BDNF-TrκB-PLCγ signaling drives BPA-induced mechanical allodynia through activating mechanosensitive Piezo2 channels
摘要
Brachial plexus avulsion (BPA) induced neuropathic pain (NP) affects up to 90% patients with BPA, which is often characterized by mechanical allodynia. The gradual chronicity of the pain and the lack of effective treatment methods make it a challenging issue for researchers and clinicians. Mechanosensitive channel, Piezo2, has been reported to participate in several physiological processes including NP. However, whether it plays a role in BPA-induced NP and related mechanisms at the cervical dorsal root ganglion (DRG) level remains unclear. In this study, we focused on the peripheral level Piezo2 and intended to explore its role in BPA-induced NP.
MethodsA novel BPA mouse model was established, and pain behavioral tests were performed. CatWalk gait analysis was used to evaluate the pain and motor function. Qualitative and quantitative analyses were used to evaluate the expression of Piezo2 in cervical DRG via Western blot analysis and immunohistochemistry (IHC) technology. Furthermore, Piezo2-related signaling was also assessed using Western blot and pharmacological methods. Whole-cell patch-clamp was employed to directly record the excitation state of DRG neurons, and function modulation was tested through antagonists, and genetic knockdown was used to confirm the role of Piezo2 at the peripheral level. In addition, avulsed DRG tissues derived from patients with BPA were also analyzed through Western blot and IHC technology.
ResultsThe BPA mouse model revealed a substantial reduction in the mechanical withdrawal threshold of the affected forepaw, and CatWalk gait analysis demonstrated that a single C7 root avulsion did not affect the motor function of the mice.

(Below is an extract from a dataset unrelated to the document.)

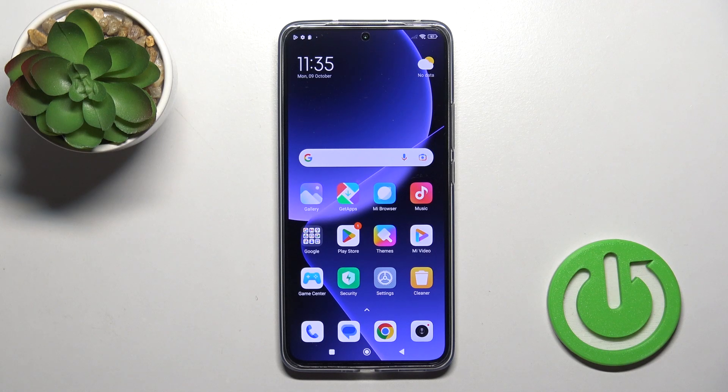Hi, today I have with me the Xiaomi 13T Pro and I will show you how to activate the Google Assistant option on this device.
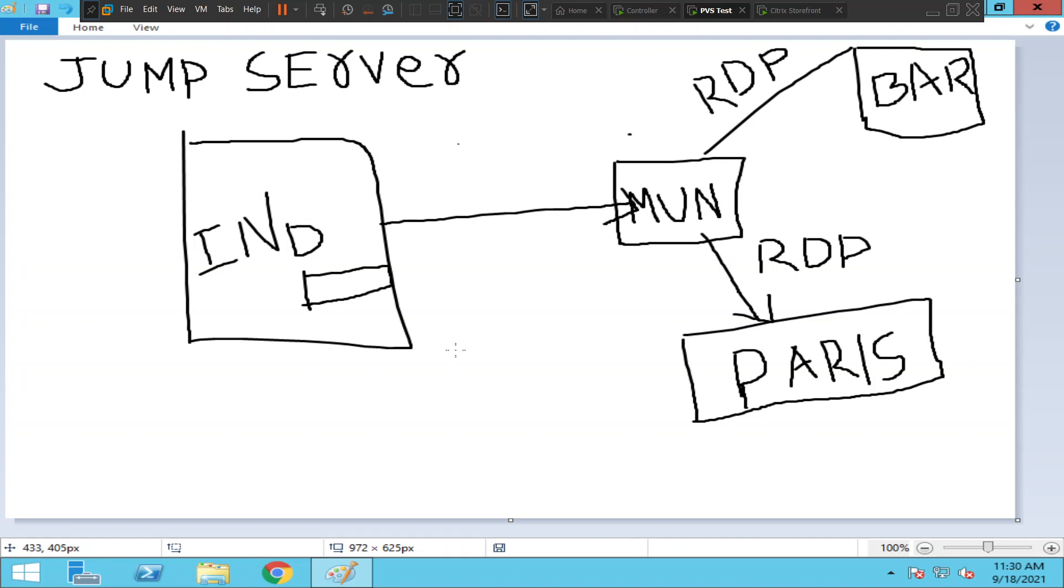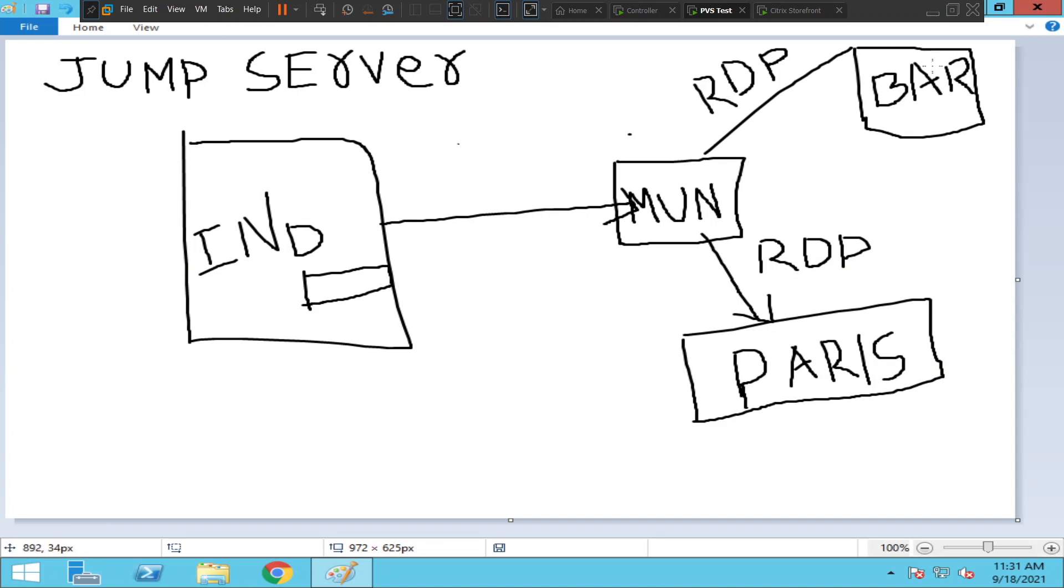So if a Citrix administrator who is working in India wants to connect to his client environment, he needs to connect through a portal, type username and password, he logs in, sees the icon, clicks on it, and gets access to the jump server. From the jump server, he takes RDP to a server in Barcelona, Paris, or any other server in Europe or other location.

An increased expression level of Piezo2 was identified, and Piezo2 was primarily expressed in nociceptors in cervical DRGs under pain conditions. Piezo2 positive (Piezo2+) neurons in the DRG also had a high colocalization rate with TrκB, the high affinity receptor of brain-derived neurotrophic factor (BDNF), which indicates the possibility of molecular crosstalk. Neurons in the cervical DRG of BPA mice also exhibited a hyperexcitation state through patch-clamp recording, and this hyperexcitation could be inhibited by GsMTx4, a Piezo2 inhibitor, and BDNF genetic knockdown. Furthermore, the mechanical pain behavior of BPA mice was relieved by these hyperexcitability inhibition methods. BDNF-TrκB-PLCγ signaling was shown to promote BPA-induced NP via downstream Piezo2 channels using Western blots, Co-immunoprecipitation, and pharmacological analyses. As a branch experiment, tissues derived from patients with BPA also exhibited a comparable change in molecular profile to that of the BPA mice.
ConclusionsThe current study proves the facilitative role of Piezo2 in BPA-induced NP, possibly via BDNF-TrκB-PLCγ signaling at the peripheral level. Piezo2 is expressed in different diameter neurons of the cervical DRGs and is particularly highly colocalized with low-threshold mechanoreceptors (i.e., TrκB+ neurons). Consistency of the results in both rodent and human experiments suggests the potential for clinical translation in the future. Limitations concerning more specific pharmacological inhibition of Piezo2 channels and a direct mechanistic link between PLCγ activation and Piezo2 function require future investigations.